◆ The data ◆
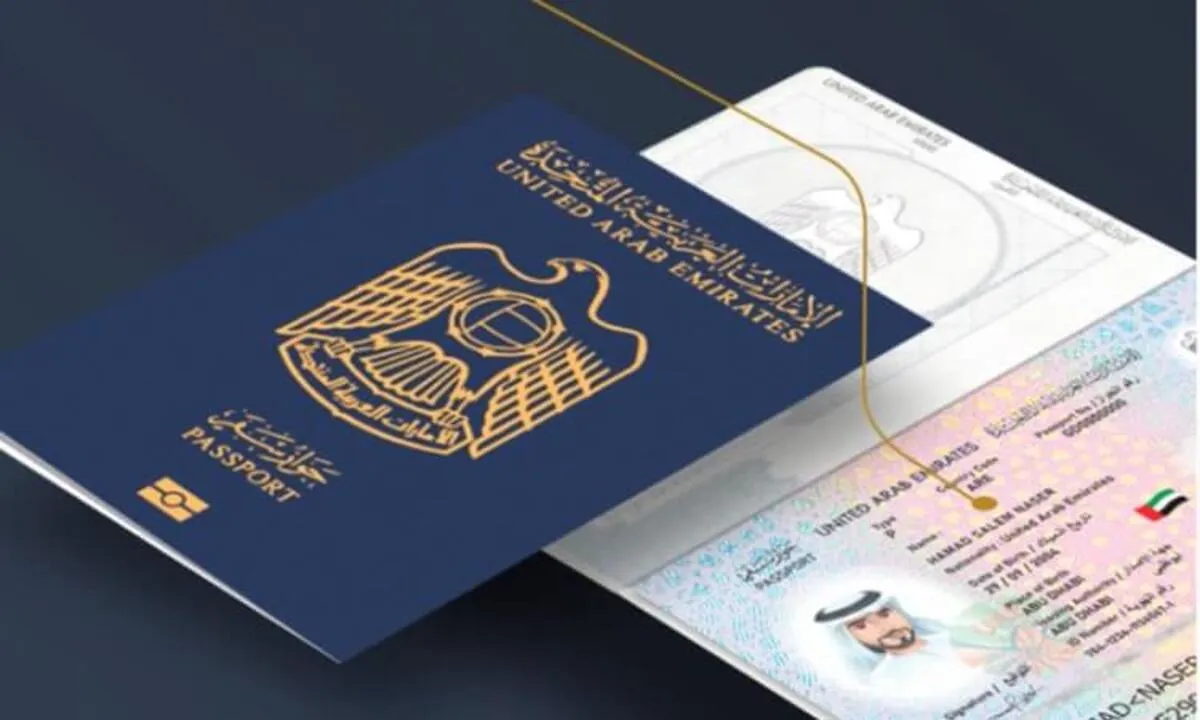 Golden visa service - UAE passport cover and an open page showing personal details and photo.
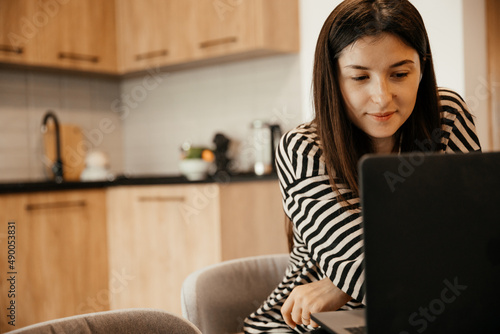 Young female freelancer dressed in home clothes working on laptop sitting at the table in the kitchen. Stylish girl on workplace at the desk. Distance learning online education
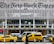 Yellow taxis are parked and driving in front of a modern building with large lettering displaying a well-known newspaper name. The facade is made up of metal slats and glass, creating a sleek and urban atmosphere. Pedestrians and various vehicles are also present in the busy city environment.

◆ What needs to be done ◆
Return the whole listing word for word, minus its pictures.

◆ The completed task ◆
 Golden visa service - UAE passport cover and an open page showing personal details and photo.
 Young female freelancer dressed in home clothes working on laptop sitting at the table in the kitchen. Stylish girl on workplace at the desk. Distance learning online education
 Yellow taxis are parked and driving in front of a modern building with large lettering displaying a well-known newspaper name. The facade is made up of metal slats and glass, creating a sleek and urban atmosphere. Pedestrians and various vehicles are also present in the busy city environment.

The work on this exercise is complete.